• [Data records]

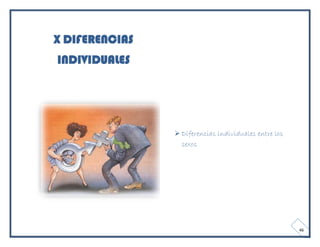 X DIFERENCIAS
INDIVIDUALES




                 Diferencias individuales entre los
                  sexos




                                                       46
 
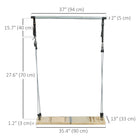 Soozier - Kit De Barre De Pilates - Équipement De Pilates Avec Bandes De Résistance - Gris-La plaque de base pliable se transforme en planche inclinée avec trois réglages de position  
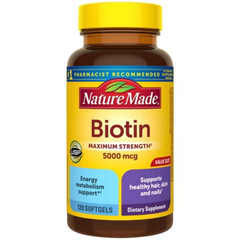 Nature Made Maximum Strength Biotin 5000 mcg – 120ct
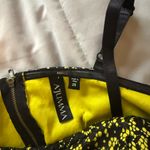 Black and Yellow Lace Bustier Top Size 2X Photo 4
---
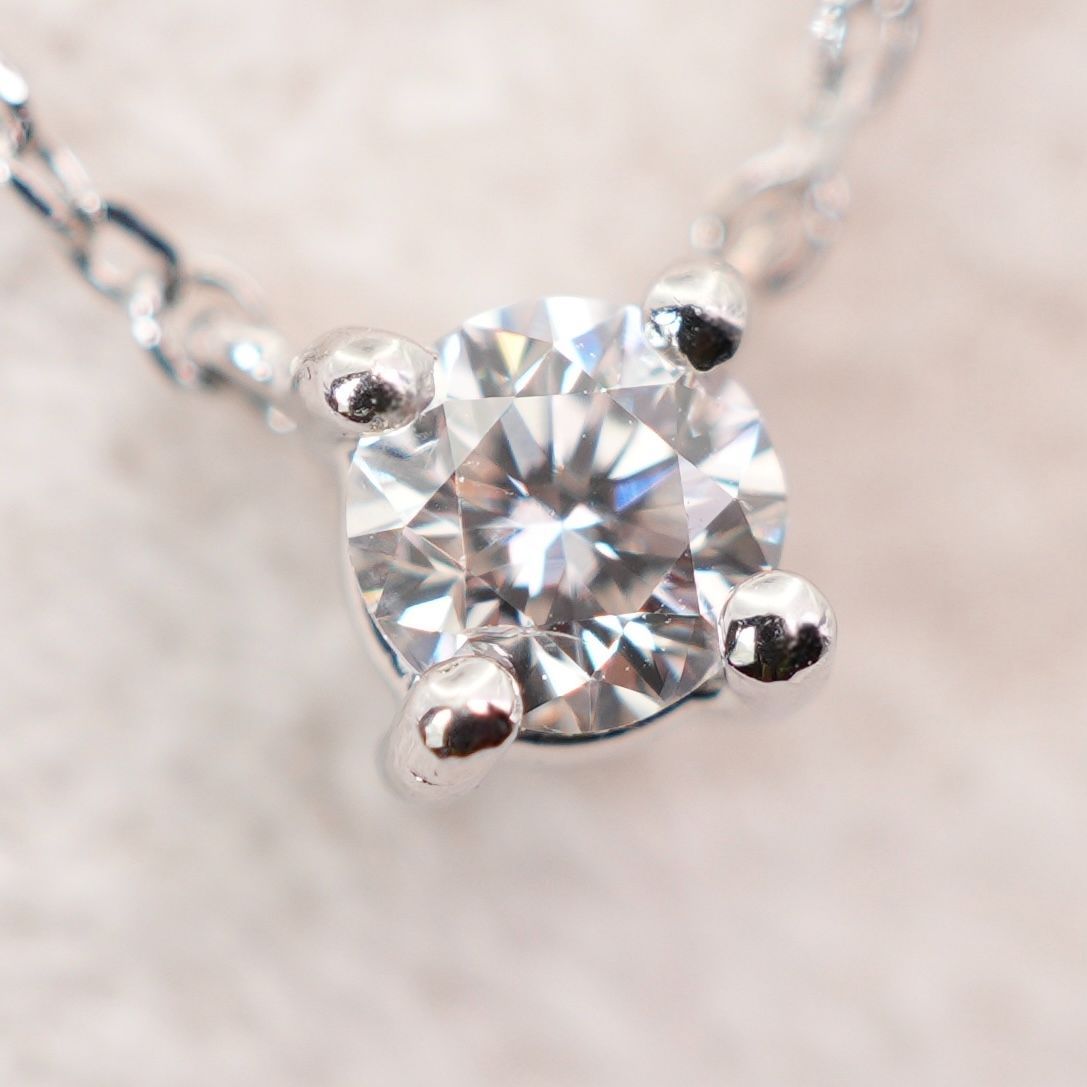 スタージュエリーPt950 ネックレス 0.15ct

• [Work request] Starting at the line that contains "Nature Made Maximum" and ending at the line that contains "Black and Yellow", transcribe the material above exactly, excluding pictures.

• [Task answer]
 Nature Made Maximum Strength Biotin 5000 mcg – 120ct
 Black and Yellow Lace Bustier Top Size 2X Photo 4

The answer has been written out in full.